On 11 November 1941, the Japanese enjoyed a serendipitous windfall. The German raider Atlantis boarded the steamer Automedon in the Indian Ocean and discovered a British Chiefs of Staff appreciation stating that “in the event of war with Japan, it would be impossible to hold Hong Kong, Malaya, or Singapore.”2 This was relayed to the Japanese naval attaché in Berlin, and plans were laid accordingly.

Some observers were prescient enough to appreciate Singapore’s vulnerability. The same day that Admiral Nagumo received the order to attack the American fleet at Pearl Harbor, HMS Prince of Wales, HMS Repulse and four destroyers arrived in Singapore. Curiously, this squadron, commanded by Vice-Admiral Sir Tom Philips, was designated Force Z, while Nagumo’s First Air Fleet had been designated Operation Z.3 Prince of Wales and Repulse were the alpha and omega of British seapower; the former was the Royal Navy’s most modern battleship, the latter one of its oldest battlecruisers.

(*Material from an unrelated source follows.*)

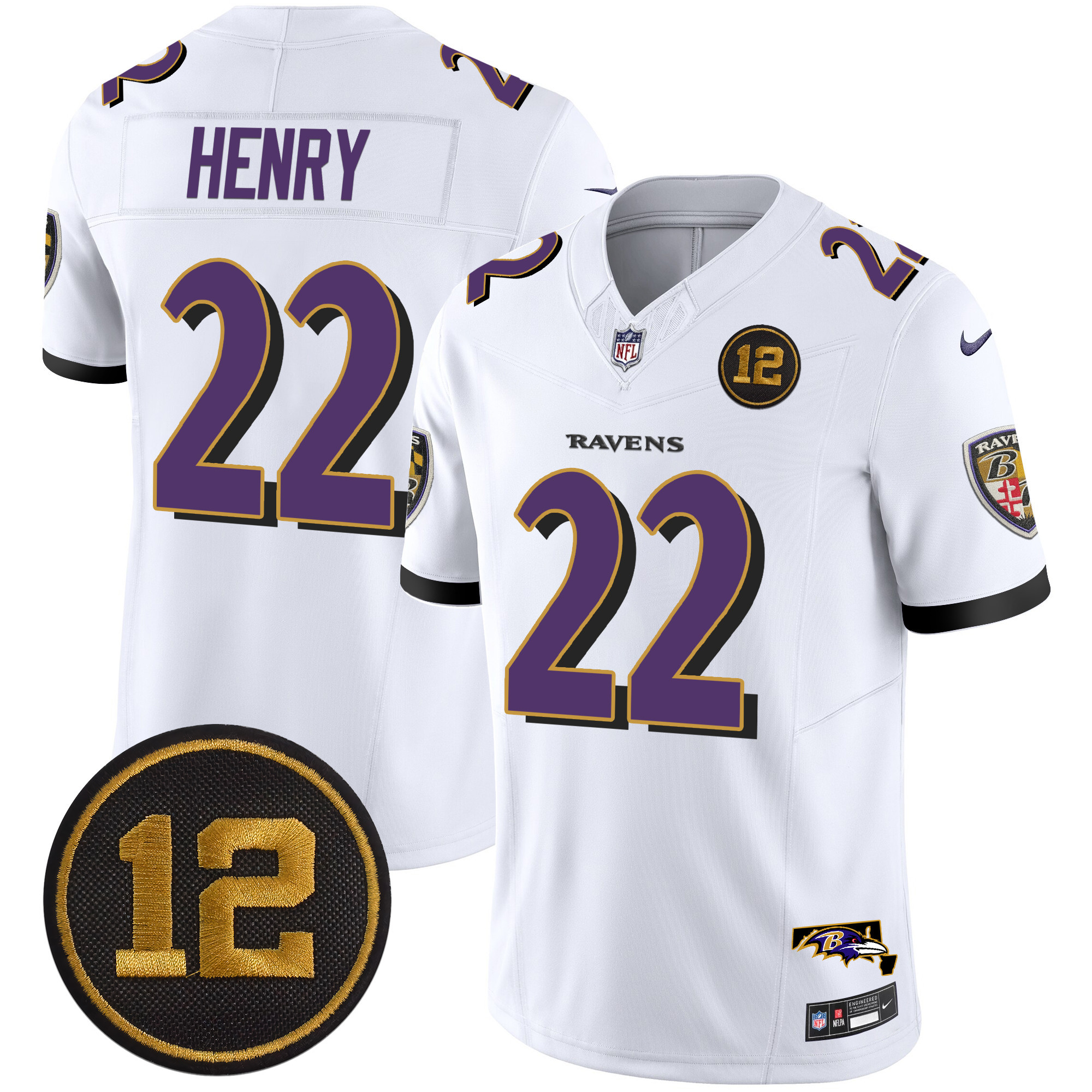 Derrick Henry Men's Baltimore Ravens Jacoby Jones Patch Vapor Limited White Jersey - All Stitched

On hand to see the warships arrive was Lady Diana Cooper, a society beauty who had just landed (with 100 suitcases) in Singapore with her husband, Alfred Duff Cooper, whom Churchill had dispatched to report on Southeast Asia. “Today,” she wrote, “a little fleet arrived to help….a lovely sight but on the petty side.”4

Duff Cooper wrote a scathing report about Singapore. To begin with, the command structure was hopelessly confused. The Commander-in-Chief Far East was Air Chief Marshal Sir Robert Brooke-Popham, whom the Coopers uncharitably labelled “old Pop-off.”5 He had no authority over the Navy or the civil administration in Malaya. The governor of Singapore and the High Commissioner for the Federated Malay States was Sir Thomas Shenton, dismissed derisively, on the basis of his colonial service in Africa, as “Tom Tom” Shenton. Malaya’s civilian defence secretary, C.A. Vlieland, asserted throughout 1940 that “the army was deluded by ‘the invention of the imaginary fortress of Singapore.’”6

Another commentator was General Archibald Wavell, Commander-in-Chief India. Wavell had been the celebrated hero of British resistance in North Africa, but his professional career had come dangerously unstuck in the aftermath of the debacle in Crete and Churchill had shipped him off to New Delhi. In India, Wavell embarked on a “liaison” or fact-finding mission to Southeast Asia. He was “horrified” by what he discovered in Burma, where there was a “complete lack of organization, of military intelligence, and of planning generally to meet any Japanese attack.”7 Wavell knew from his time in the War Office in the 1920s about Singapore’s reputation as the Gibraltar of the Far East, but Major-General Arthur Percival, the General Officer Commanding, Malaya Command, warned that the Japanese might very well “burgle Malaya by the back door,”8 thereby laying Singapore open to attack. But Wavell misread the situation, reporting on 8 November 1941 that “I should think the Jap has a very poor chance of successfully attacking Malaya and I don’t think, myself, that there is much prospect of his trying.”9

A month later, the Japanese crossed into northern Malaya and Admiral Philips led his ships up the east coast of the Malay Peninsula in an effort to interdict Japanese troop transports. Bereft of airpower, Prince of Wales and Repulse were quickly sunk by Japanese aircraft (see Singapore papers, FH 139: 40-49). “The relentless demonstration of Japanese technological prowess,” Christopher Bayly and Tim Harper observed, “did more to break civilian and military resistance than any other factor.”10

There was an iconic quality about the event. It captured, tragically, the inadequacy of the British response and the dangers inherent in underestimating your opponent. The good news for Churchill was that come what may, he had avoided one of the conditions that he feared almost more than anything else: he was not obliged to lead his nation against the Japanese without American support. The bad news was that the strategic landscape had suddenly become far more complex. American entry into the war in the Pacific meant that the fate of British Southeast Asia and India had become inextricably linked with American efforts to aid Chiang Kaishek in China against the Japanese. In the dark days of December, Churchill was confronted with managing the increasingly asymmetrical politics of allied warfare.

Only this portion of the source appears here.